Norman cavalry ride leaves historic Pevensey Castle

Pevensey Castle SUS-140826-154539001
Pevensey Castle SUS-140826-154539001

In advance of the return of the Battle of Hastings event at Battle Abbey next month (Saturday and Sunday October 11 and 12), two Norman cavalry re-enactors will ride from Pevensey Castle to the historic battle site.

Lead rider Nigel Amos is interested in the mobilisation of William’s invading army.

He said, “I have taken part in the Battle of Hastings since 1995.

“I wanted to build on my experience of the tactics, emotion and fervour of the battle, by adding a taste of what it might have been like in the days leading up to it.

“Of course, we know now, that the Normans emerged victorious, but when they set off from Pevensey, that history was yet to be made.

“I will be aiming to suspend modern perceptions as we ride into the ‘unknown’.”

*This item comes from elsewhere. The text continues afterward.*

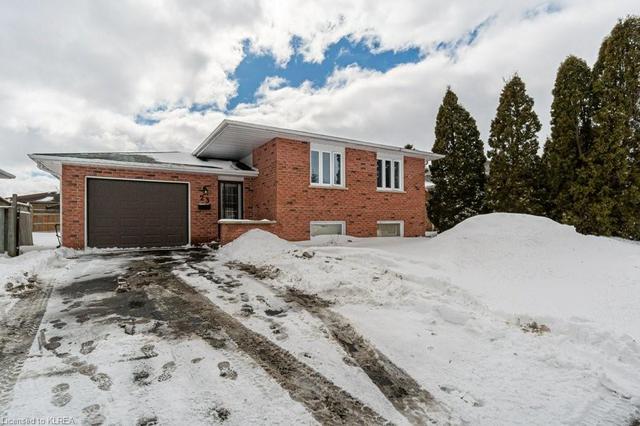 23 Madill Crescent, House detached with 6 bedrooms, 2 bathrooms and null parking in Kawartha Lakes ON | Image 1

Spread over two days, the riders will be travelling from the area where the Normans landed, to the battle site, on horseback.

They will be wearing traditional riveted maille hauberks, and carrying swords, shields and lances.

The horses, which have been chosen for their period-appropriate type and size, will be ridden in 11th century style saddles.

The Battle of Hastings re-enactment will take place at 1066 Battle of Hastings, Abbey and Battlefield from 10am-4pm.

Norman cavalry had an important role in the final outcome of the Battle of Hastings in 1066.

Only the wealthy or noble could ever aspire to the Norman cavalry. The obligation to military service was without question and Norman cavalry training began at an early age.

Young sons of the nobility were trained to ride almost as soon as they could walk and if it was not in the power of a Norman lord to supply training to his sons, they would be placed with a lord who could.